By Brent Phillips
“Dude, are you going to shoot? What are you doing? Just take the shot.”
“Let me check my dope… Alright, shooter ready.” I look down to ensure the high angle shot from a quick seated position isn’t going to end with my big toe turning into a nub.
The sound of the suppressed shot echoes across the valley in the cold mountain air. Perfect silence settles back in. I couldn’t see the impact due to the hasty shooting position necessary—we had very little time on a moving target in some of the gnarliest foreign terrain this planet has to offer. After a few moments of listening for any movement, we grabbed our rifles and our packs and quietly left the area by moving back up the finger we had come down on- we stopped on an impassable section since we didn’t bring any ropes.
The bitter chill of the early morning air was enough to make any man’s bones ache and hands stiff and clumsy. But for us, this was nothing new. We had been here, in a variation of this exact situation, hundreds—if not thousands—of times. For us it was simple: another red-eye hike with a gun that maybe ended with a shot being taken. And what made it so simple was that we had taken all the guesswork out of what could have been a complicated shooting equation. We each knew our rifle. We knew what it was capable of. Every piece of data for shooting out to its maximum effective range was recorded. More than that, memorized.
I carried a .308 AR10.
I was a man with one rifle.
Fast forward to another hunt of a different kind in the southwest and I’ve got a rifle in my lap bouncing down an old dusty fire road. This gun is the one I’ll have when I’ve got nothing else to sell off to make rent. For me, it’s a bare-bones .308 Winchester Model 70 my father gifted me.
My Model 70 is nothing special to the average eye: it’s an off the shelf newer pre-64 reproduction with the external extractor and MOA style trigger. When it was purchased it came with a plastic stock and the cheapest Leupold Rifleman optic available. That said, it’s one of the few firearms I own and probably the only one I’ll never sell.
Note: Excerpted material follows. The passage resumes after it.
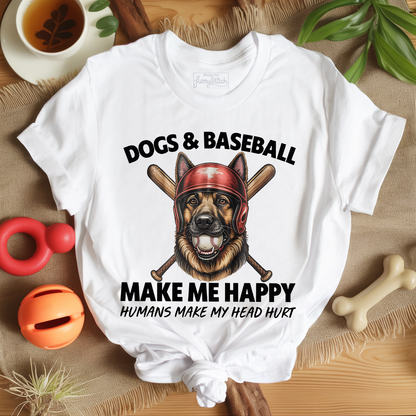 Dogs And Baseball T-shirt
In its current form it has an uncheckered Model 70 Featherweight stock. When I ordered the stock, I missed the fact that it was contoured for a Featherweight profile barrel which meant I spent a few hours sanding the stock to fit the action and barrel. I’ve also fitted a nicer but still affordable Leupold VX-5HD.
Why does this matter? Well, the Model 70 is the gun I’ve killed the most game with and it’s the gun I had when a friend offered me a last minute cow-elk tag. The Model 70 along with a pile of .308 ammo was sitting in my safe, so along for the ride it went.
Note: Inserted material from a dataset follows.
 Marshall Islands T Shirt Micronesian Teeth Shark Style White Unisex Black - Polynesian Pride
My Model 70 has bounced along on damn near every North American hunt I’ve ever been on—even if only as a backup gun. It’s taken everything from North Carolina whitetail to hogs in Texas to Elk in the west. If it had notches on the stock for each kill it would have whittled into a pistol before I was out of my 20’s.
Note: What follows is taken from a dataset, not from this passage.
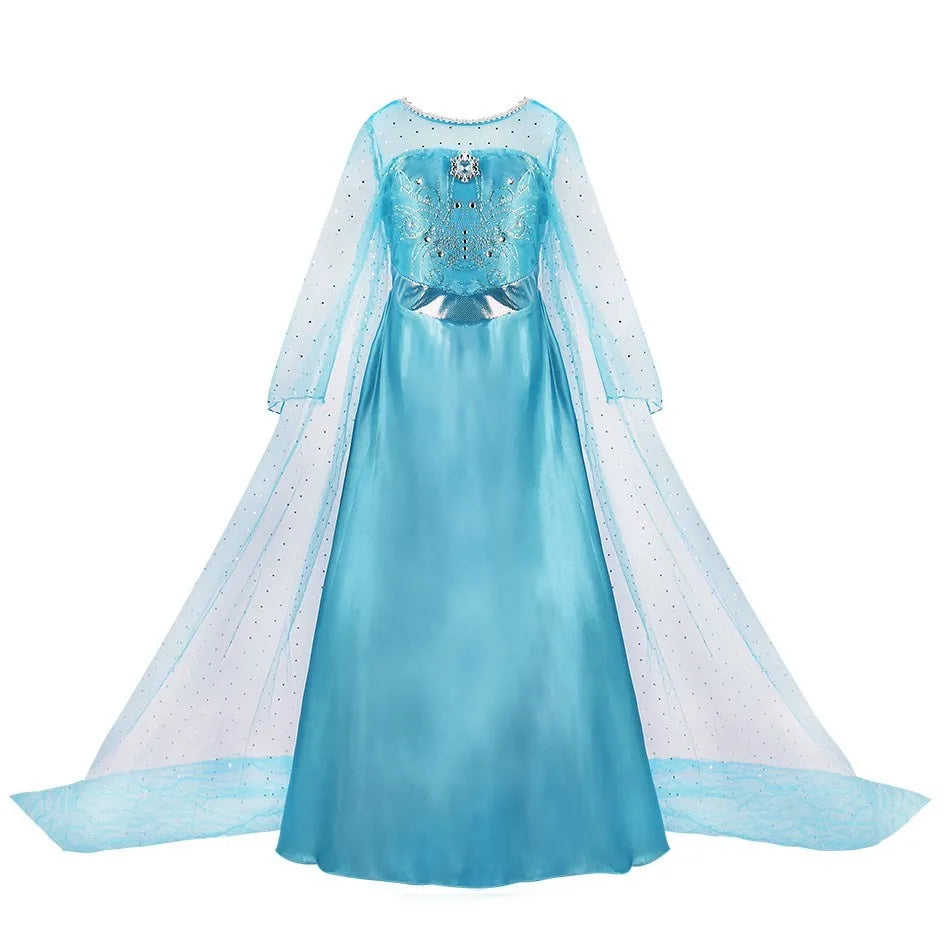 Girl Princess Cinderella Dress Elsa Anna Mermaid Jasmine Belle Snow White Costume Girls Birthday Party Halloween Dress 2-10 Year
In a world where things and not experiences often garner our admiration and attention, I’ve grown a tremendous distaste for the flavor-of-the-day in rifles, vehicles, or clothing. For me, it’s about grabbing the things that have proven their worth over years of use and shown their reliability. With a rifle, it’s about grabbing the one you know the best. The one you’ve memorized.
Just make sure it’s always ready to go.
There’s some value in becoming the man with one rifle.